No new news on the IPO.

stephen


----------



## winger (Jun 23, 2013)

What are the new 2014 Gold benefits?


----------



## RuralEngineer (Jun 24, 2013)

*Gold / platinum*

A part of the Club Select inventory has been reserved only for Gold and Platinum owners.  It is now called Diamond Comfort.  Marriotts and the like.

VIP airport lounge.

Airline companion ticket.

Private jet program.

e-grocery order and delivery.

special getaway opportunities.


----------



## gjw007 (Jun 24, 2013)

These new benefits appear to come from II platinum membership that diamond platinum members get

http://www.intervalworld.com/web/my/info/benefits/platinum


----------



## RuralEngineer (Jun 24, 2013)

*II Platinum*

That makes sense.  Quick way to increase benefits cost effectively.


----------



## pgnewarkboy (Jun 25, 2013)

I can get Marriott on II. It is very annoying when a benefit is taken away like they are doing with club select.

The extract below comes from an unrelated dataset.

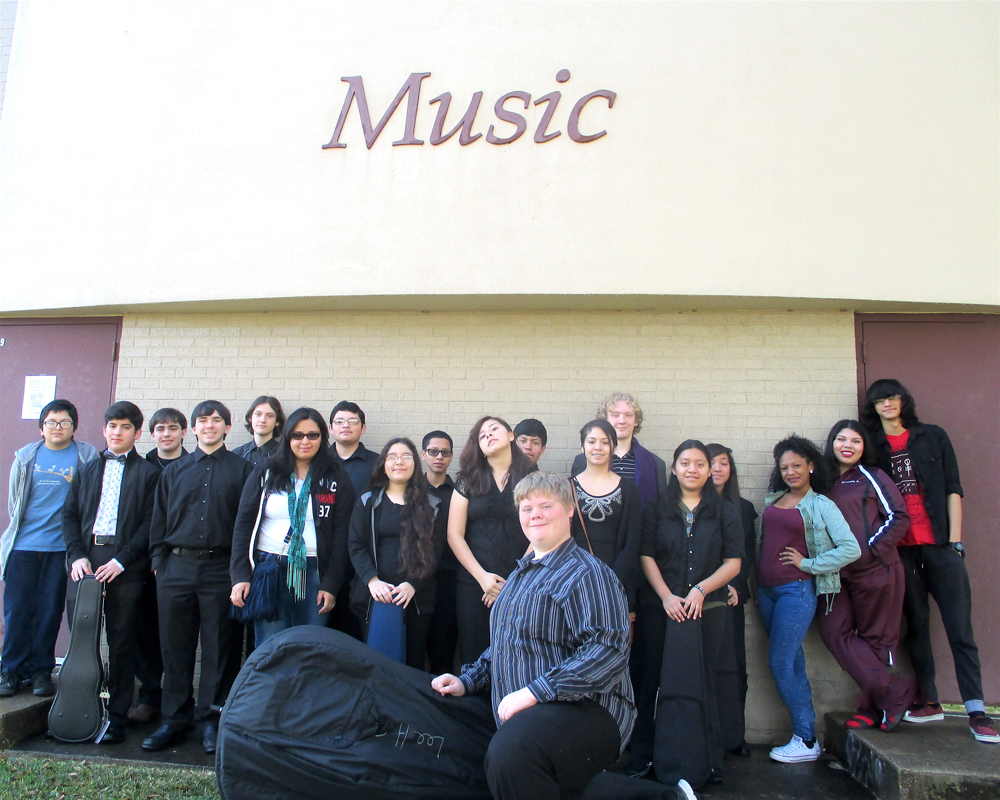 REL Orchestra students poses in front of music hall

I realize diamond is not alone when it comes to reducing benefits but it creates animosity towards their brand.


----------



## gjw007 (Jun 25, 2013)

I was told platinum owners get first options but I didn't hear anybody tell me that club select was going away


----------



## dougp26364 (Jun 25, 2013)

RuralEngineer said:


> A part of the Club Select inventory has been reserved only for Gold and Platinum owners.  It is now called Diamond Comfort.  Marriotts and the like.
> 
> VIP airport lounge.
> 
> ...



If this is II platinum or, if its the same benefits that are offered by II platinum, then they only look good on the surface. For instance the airport Lou ge was for the member onl (one person). The price to bring my wife with me, or me with my wife, made the airport Lounge program worthless to me. 

I bet if you look closely at any one of those "benefits" you'll find a catch somewhere that basically voids any real benefit hey might have. Sort of like the cruise exchange membership Polo Towers use to give owners for the cruise exchange company I.C.E. on the surface it looked good. I reality it was a shell game. 

Here's the kicker. DRI gives owners NOTHING for free. Expect an increase in THE Club management fees spread across all owners to pay for this new benefit. Somewhere this new added value benefit will be calculated into the cost.


----------



## singlemalt_18 (Jun 25, 2013)

RuralEngineer said:


> At Powhatan this weekend did the update for $100.  *Price per point going to $7.50 in July*.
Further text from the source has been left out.